From The Washington Post (link):
In years past, the Chinese government’s poor human rights record was only a problem for you if you happened to be Chinese. But as China’s power and influence in Asia grow, its hostility toward human rights is becoming a problem for non-Chinese, too. Propelled mostly by economic opportunism, China is fast becoming the friend of last resort for some of the world’s most isolated dictators and bad guys — in Asia and beyond.
The examples are mounting. On May 13, 2005, thousands of Uzbeks rallied in the city of Andijan, including some armed people who had led a jailbreak as well as unarmed people protesting the repressive government of President Islam Karimov. In response, Karimov’s security forces fired indiscriminately into the crowds, in what Human Rights Watch has called a massacre of hundreds of people. But China seemed untroubled. “We consistently staunchly support the Uzbekistan government’s striking at the three forces, which are terrorism, splittism and extremism,” declared the Chinese foreign ministry.

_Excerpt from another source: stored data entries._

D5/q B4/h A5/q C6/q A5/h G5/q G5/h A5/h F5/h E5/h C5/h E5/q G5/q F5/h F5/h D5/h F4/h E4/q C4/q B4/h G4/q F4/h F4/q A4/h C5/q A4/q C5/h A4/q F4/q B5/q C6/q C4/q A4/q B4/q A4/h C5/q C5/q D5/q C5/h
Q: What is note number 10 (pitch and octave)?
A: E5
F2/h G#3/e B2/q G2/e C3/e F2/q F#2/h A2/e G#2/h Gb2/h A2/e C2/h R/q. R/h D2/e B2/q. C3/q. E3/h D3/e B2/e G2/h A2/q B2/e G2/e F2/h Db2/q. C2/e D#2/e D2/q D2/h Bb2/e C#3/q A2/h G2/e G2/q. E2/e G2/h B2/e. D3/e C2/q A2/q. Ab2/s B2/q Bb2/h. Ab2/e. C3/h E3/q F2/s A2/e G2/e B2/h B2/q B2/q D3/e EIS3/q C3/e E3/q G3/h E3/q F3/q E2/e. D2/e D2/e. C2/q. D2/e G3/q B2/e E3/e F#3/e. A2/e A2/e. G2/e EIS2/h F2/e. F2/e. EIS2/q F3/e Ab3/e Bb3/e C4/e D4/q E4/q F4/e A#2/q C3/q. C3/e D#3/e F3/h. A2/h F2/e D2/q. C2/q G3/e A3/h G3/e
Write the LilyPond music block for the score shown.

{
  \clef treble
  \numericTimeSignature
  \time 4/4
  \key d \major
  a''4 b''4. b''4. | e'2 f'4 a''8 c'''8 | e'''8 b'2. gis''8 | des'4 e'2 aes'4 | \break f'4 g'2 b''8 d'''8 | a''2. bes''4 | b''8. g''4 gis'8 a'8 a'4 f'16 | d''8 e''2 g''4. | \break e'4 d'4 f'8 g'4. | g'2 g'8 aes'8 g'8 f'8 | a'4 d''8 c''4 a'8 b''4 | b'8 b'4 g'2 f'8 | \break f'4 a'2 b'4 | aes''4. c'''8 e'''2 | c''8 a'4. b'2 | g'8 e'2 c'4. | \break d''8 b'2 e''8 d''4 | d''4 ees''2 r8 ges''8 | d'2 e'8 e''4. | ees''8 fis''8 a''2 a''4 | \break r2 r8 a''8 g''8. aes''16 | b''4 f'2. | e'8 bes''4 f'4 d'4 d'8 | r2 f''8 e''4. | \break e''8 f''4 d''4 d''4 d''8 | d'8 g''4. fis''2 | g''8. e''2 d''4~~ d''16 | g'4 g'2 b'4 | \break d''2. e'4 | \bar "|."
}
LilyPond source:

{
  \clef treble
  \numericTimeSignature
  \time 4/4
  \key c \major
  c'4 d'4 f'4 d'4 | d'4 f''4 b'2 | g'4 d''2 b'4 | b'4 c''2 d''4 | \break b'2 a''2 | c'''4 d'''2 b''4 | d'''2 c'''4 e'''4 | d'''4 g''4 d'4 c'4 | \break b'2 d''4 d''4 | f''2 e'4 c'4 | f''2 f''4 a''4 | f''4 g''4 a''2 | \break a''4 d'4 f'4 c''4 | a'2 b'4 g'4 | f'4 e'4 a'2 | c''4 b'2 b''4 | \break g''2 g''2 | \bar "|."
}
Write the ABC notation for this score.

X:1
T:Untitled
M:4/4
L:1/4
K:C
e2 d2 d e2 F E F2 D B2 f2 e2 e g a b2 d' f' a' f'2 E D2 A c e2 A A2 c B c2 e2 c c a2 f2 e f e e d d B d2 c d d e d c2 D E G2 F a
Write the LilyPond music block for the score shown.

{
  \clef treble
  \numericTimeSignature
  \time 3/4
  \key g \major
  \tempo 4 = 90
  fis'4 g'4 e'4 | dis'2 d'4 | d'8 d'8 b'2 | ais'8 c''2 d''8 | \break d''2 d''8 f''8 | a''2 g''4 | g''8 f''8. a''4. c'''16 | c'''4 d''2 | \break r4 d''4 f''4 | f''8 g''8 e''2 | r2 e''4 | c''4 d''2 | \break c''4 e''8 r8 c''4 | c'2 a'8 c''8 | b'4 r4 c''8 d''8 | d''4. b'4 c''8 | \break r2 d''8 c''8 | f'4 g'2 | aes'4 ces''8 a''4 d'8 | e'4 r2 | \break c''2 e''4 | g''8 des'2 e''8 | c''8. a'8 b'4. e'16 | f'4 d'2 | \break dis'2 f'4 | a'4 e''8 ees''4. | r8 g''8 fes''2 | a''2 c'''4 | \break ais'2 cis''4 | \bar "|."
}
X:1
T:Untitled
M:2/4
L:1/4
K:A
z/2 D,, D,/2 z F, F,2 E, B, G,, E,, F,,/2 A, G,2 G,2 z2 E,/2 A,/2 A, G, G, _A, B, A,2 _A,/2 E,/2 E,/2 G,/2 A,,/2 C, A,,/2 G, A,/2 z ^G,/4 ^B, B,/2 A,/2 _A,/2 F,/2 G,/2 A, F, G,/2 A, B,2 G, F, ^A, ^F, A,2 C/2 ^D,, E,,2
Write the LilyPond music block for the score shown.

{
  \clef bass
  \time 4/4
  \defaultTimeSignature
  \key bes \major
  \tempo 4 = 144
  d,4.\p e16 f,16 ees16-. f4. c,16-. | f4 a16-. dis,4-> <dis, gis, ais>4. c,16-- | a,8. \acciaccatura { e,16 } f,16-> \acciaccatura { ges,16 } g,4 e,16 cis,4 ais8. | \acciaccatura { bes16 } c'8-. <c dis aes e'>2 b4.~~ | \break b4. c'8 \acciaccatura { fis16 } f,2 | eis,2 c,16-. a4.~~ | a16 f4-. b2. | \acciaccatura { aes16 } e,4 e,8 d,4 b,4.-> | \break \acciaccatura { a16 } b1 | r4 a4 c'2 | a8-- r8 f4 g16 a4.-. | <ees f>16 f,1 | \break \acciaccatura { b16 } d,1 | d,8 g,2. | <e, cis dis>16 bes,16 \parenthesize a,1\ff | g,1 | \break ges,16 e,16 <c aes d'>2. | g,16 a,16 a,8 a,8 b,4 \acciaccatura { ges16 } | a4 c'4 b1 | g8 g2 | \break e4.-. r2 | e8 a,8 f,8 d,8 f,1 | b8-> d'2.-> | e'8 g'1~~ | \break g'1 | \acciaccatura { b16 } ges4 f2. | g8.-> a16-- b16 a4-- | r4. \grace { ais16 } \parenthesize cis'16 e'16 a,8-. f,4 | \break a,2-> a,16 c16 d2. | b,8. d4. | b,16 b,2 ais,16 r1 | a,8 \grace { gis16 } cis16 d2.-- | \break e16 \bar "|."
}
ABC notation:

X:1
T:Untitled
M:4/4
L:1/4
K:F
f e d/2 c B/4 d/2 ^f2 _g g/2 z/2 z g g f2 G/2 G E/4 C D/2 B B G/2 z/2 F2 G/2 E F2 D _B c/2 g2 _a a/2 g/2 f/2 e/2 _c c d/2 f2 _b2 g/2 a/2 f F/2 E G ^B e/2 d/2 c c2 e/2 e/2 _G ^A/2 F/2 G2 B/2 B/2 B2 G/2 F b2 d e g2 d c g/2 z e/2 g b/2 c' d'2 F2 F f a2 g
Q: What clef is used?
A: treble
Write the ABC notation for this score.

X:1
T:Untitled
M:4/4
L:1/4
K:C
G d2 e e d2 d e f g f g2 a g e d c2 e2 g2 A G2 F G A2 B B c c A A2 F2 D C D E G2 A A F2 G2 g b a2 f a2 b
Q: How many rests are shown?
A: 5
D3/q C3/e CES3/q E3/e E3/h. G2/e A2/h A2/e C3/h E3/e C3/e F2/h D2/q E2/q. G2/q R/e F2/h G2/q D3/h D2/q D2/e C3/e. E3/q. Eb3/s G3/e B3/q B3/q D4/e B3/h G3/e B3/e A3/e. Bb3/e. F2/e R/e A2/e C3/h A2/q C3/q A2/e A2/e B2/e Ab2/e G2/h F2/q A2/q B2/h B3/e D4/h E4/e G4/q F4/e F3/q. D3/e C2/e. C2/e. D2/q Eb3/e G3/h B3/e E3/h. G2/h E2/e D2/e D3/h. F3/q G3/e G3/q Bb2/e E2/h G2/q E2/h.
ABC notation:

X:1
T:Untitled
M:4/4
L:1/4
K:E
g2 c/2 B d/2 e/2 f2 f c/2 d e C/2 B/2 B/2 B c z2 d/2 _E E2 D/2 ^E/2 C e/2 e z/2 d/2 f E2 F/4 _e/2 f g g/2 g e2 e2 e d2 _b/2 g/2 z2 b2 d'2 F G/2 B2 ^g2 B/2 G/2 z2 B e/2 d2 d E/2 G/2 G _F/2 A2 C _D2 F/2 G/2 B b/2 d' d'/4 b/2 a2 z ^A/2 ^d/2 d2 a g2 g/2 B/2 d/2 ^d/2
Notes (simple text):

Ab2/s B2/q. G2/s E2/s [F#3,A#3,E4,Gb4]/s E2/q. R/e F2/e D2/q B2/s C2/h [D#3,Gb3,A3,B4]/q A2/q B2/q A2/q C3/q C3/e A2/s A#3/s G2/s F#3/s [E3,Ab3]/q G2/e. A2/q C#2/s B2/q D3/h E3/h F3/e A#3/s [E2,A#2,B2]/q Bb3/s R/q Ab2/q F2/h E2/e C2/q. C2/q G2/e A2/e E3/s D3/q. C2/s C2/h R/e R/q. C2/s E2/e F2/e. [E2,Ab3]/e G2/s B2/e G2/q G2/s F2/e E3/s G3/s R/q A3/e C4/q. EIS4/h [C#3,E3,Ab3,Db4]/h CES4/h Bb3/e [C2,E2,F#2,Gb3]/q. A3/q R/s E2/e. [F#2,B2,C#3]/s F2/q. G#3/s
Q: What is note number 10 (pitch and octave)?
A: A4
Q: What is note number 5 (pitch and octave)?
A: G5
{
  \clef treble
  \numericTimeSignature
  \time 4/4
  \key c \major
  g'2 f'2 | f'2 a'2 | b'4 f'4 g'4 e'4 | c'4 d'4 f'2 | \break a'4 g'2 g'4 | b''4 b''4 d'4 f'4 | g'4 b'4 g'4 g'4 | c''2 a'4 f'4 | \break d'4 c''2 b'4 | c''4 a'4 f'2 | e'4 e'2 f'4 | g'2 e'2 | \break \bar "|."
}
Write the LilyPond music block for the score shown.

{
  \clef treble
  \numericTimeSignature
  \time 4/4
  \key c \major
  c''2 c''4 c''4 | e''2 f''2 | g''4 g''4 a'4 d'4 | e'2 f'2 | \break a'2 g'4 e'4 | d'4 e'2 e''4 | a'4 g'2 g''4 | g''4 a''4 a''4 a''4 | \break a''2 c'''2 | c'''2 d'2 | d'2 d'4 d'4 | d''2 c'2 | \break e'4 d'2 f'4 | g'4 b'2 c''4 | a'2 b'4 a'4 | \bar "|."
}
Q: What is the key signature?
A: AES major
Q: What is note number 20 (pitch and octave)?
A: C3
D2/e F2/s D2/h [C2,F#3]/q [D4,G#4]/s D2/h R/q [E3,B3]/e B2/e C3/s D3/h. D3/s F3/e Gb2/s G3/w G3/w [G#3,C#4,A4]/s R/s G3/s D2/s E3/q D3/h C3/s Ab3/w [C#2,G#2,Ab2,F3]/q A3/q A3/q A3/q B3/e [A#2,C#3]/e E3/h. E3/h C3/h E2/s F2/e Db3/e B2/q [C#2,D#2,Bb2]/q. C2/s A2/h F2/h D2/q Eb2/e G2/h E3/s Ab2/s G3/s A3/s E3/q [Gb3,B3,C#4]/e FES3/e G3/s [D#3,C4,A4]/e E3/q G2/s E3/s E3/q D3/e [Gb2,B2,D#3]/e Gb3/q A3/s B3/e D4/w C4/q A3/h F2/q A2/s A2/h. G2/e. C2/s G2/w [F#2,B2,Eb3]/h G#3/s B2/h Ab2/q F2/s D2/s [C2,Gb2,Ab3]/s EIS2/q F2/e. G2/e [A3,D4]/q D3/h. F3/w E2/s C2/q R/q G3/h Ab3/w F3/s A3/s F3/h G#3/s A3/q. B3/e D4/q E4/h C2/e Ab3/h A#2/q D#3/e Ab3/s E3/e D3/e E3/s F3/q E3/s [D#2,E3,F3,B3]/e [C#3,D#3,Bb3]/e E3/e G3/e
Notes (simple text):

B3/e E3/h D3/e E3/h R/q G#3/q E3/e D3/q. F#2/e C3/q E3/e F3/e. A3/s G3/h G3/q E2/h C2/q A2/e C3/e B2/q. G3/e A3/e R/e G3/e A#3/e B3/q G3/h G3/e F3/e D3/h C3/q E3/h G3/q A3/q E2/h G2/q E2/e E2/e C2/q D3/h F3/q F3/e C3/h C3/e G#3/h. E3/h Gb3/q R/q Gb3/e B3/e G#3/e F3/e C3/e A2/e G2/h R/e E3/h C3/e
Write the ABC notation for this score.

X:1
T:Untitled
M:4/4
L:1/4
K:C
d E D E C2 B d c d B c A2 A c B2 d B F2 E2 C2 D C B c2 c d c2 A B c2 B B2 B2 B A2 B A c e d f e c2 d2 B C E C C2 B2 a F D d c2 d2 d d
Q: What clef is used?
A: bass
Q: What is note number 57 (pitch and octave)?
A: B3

See also “China and Sudan, Blood and Oil” by Nicholas Kristof in the New York Times (via Peking Duck, link):
…There are two good reasons to complain to President Hu. First, he has presided over a broad clampdown on freedom of expression in China, including the imprisonment for 19 months of my colleague Zhao Yan, an employee of The New York Times.
Second, China is now underwriting its second genocide in three decades. The first was in Pol Pot’s Cambodia, and the second is in Darfur, Sudan. Chinese oil purchases have financed Sudan’s pillage of Darfur, Chinese-made AK-47’s have been the main weapons used to slaughter several hundred thousand people in Darfur so far, and China has protected Sudan in the U.N. Security Council.
Indeed, it’s because of China’s support that Sudan felt it could get away this month with sending a proxy army to invade neighboring Chad…
Last month in a village on the Chad-Sudan border, I interviewed a man who told how a Sudanese militia had grabbed his baby boy, Ahmed Haroun, thrown Ahmed to the ground and shot him in the chest. The odds are overwhelming that that gun and those bullets came from China.
Likewise, the women and children I’ve seen torn apart by bullets in Darfur and Chad ” that lead and steel was molded in Chinese factories. When women are raped and mutilated in Darfur, the gun barrels pointed at their heads are Made in China.
Let’s hope China’s 13 million bloggers take up this issue, for this has received very little attention in China but it is not so sensitive that discussion of it will get anyone arrested.
One of the central questions for the 21st century will be whether China’s rise will be accompanied by increasingly responsible behavior in its international relations. Darfur is a test, and for now China is failing.